The statistics of an online course are a mine of useful information not only to evaluate the results achieved by students, but also to adapt the content of the course to their needs. Here are some data to monitor carefully.

Students continuously produce data useful to the trainer while taking an online course. The statistics of an LMS, Learning Management System are not obtained only when students answer online tests and verifications, but during the entire duration of the course. Knowing how to analyze them, for an online trainer, means being able to monitor the progress of the course and have a database on which to work in the next online course. Here are three examples of parameters to be taken into consideration while students take an eLearning course.

1. The number of students who give the wrong answer to the same question as a quiz

When a significant percentage of the students in their class give the wrong answer to the same questions, for the trainer it means only one thing: he has not been able to transmit adequate knowledge to a large number of people. LMS statistics can process data for many students. If the wrong answers concern the same topics, it means that the trainer must change the content or the format of the content. For example, instead of a text written to explain the behavior to be followed in the event of a fire, he could think of an interactive game where the answer is given by performing an action directly on the screen. The concept of a significant percentage may vary according to the type of course and the objectives to be achieved.

2. How many students skip an optional content in an online course?

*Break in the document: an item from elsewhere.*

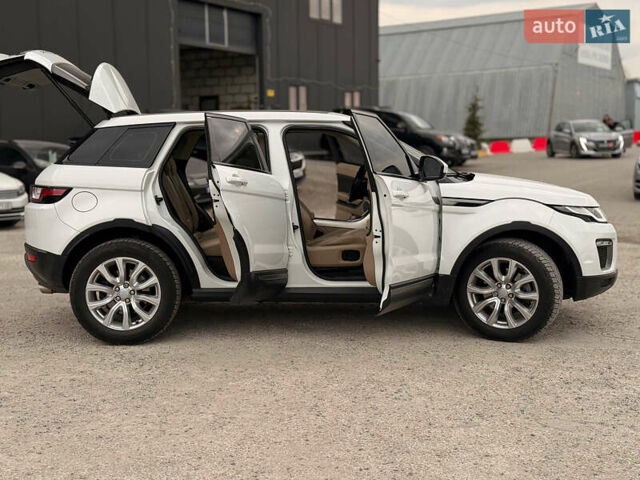 Білий Ленд Ровер Рендж Ровер Евок, об'ємом двигуна 2 л та пробігом 68 тис. км за 20990 $, фото 26 на Automoto.ua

Data on the number of people completing an optional unit can give the trainer a clear indication of what students consider to be a priority. Most people will tend to skip the optional modules. The interesting fact is when instead a high percentage of students focus on that type of content, although it is optional. In the following online course, the trainer can insert that module among the compulsory ones, thus increasing student involvement and responding in more detail to a training need that may not have emerged during the preliminary analysis of the course.

3. In what order are the modules followed in open navigation?

Other very important metrics in an online course depend on the course settings. If you set the open navigation, you can have key information on the structure of the course and understand the data relating to the time required to finish a course or why people leave the course. With open navigation, in fact, a student is free to decide in what order to use the online forms. With this tool a trainer can understand if the structure of the course is suitable for his target or if he needs to modify it. Often structuring a course, the wrong way is one of the reasons why the course completion time is getting longer and the students drop out. Sometimes there is a tendency to start from too elementary content or on the contrary, challenging topics are treated with little preliminary information. All this lengthens the time and reduces the involvement of the students.

The statistics of an online course clearly indicate if the content of the training is adequate, if it is relevant for the students and if it is presented in the right order. With these data, the trainer has a precise idea to make the subsequent online course more suitable to meet the training needs of the students.